Was macht Sie so zuversichtlich?
Hartleb: Zum einen haben wir viele Firmen, die schon Niederlassungen im Markt haben. Und zum anderen haben viele unserer heimischen Unternehmen Technologien zu bieten, die die USA nicht so einfach aus dem Boden stampfen können. Europa hat hier durchaus eine Position der Stärke. Wir sind weder als Markt noch als Technologielieferant so leicht ersetzbar. Die Amerikaner werden auch unter Trump investieren – das bietet auch unseren Exporteuren Chancen, zumal die Chinesen vermutlich zunehmend aus dem Markt gedrängt werden. Daher bin ich nicht so pessimistisch, der US-Markt wird bedeutend bleiben. Klar, der Druck für europäische Firmen, sich in den USA lokal niederzulassen, wird steigen. Solche Phasen hat es in der Vergangenheit immer wieder gegeben und wir haben damit umgehen müssen. Was noch dazu kommt: Das Handelsbilanzdefizit der USA ist zwar groß, aber auch ihr Leistungsbilanzüberschuss. Die IT-Riesen der USA machen in Europa enormes Geschäft – das wird irgendwann auch beim US-Präsidenten ankommen.

Siemens Energy Austria produziert in Weiz Transformatoren für Energienetze sowie Windkraftanlagen und liefert in die halbe Welt – auch in die USA. Welche Auswirkungen erwarten Sie?

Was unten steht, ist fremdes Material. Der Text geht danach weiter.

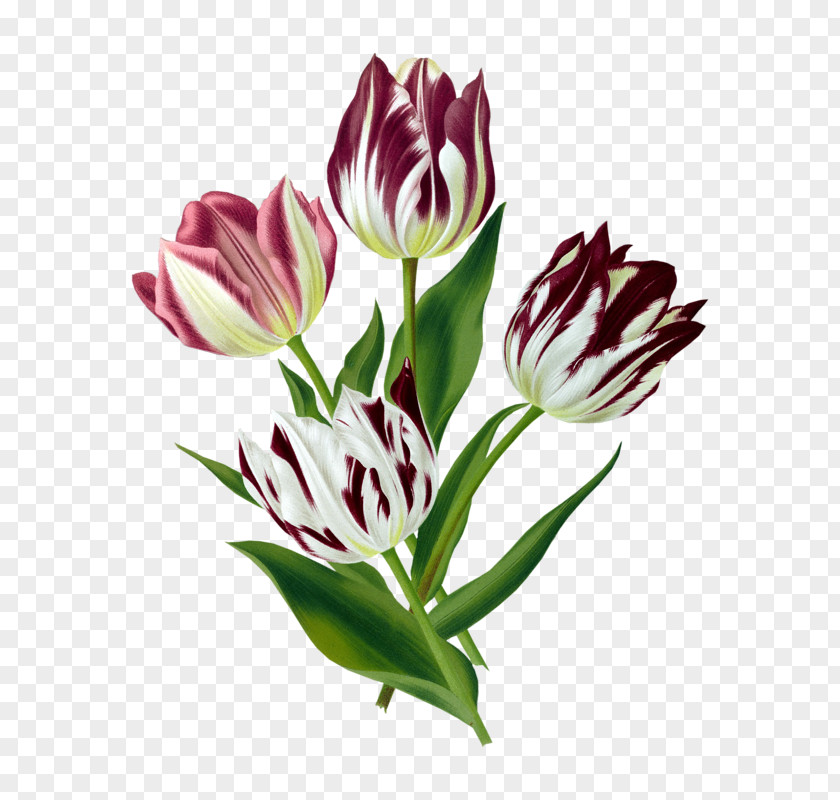 Tulip Art Floral Design Botanical Illustration PNG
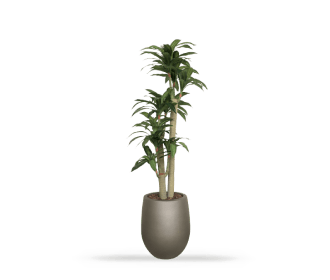 Imagen de una planta con maceta de color cafe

Göß: Im Bereich Energienetze hat die USA riesigen Aufholbedarf, was die Netzinfrastruktur und die Umstellung auf dezentrale Energieerzeugung betrifft – entsprechend groß ist auch der Markt. Dazu kommt der stark steigende, vor allem KI-getriebene Energiehunger von Rechenzentren. Zig Milliarden werden dort investiert. Allein im Bundesstaat Georgia müssen in den nächsten Jahren 600 Meilen neue Stromleitungen verlegt werden – inklusive Umspannwerke, Verteilzentren etc. Gerade in diesem Bereich sind die USA aber stark deindustrialisiert – das gilt auch für einen Teil der Produkte, die wir in Weiz herstellen, also das Segment der Leistungstransformatoren. Die USA sind davon abhängig, Produkte in diesem Bereich zu importieren. Ein Highlight unserer Exportgeschichte haben wir im Vorjahr just in den USA gefeiert. Der 5.000ste Großtransformator aus unserem Werk – über 300 Tonnen schwer – ging über den Seeweg nach New York. Ein Großteil der Transformatoren im Großraum New York ist aus unserem Werk.
Das heißt, Sie betrachten die Entwicklung relativ entspannt?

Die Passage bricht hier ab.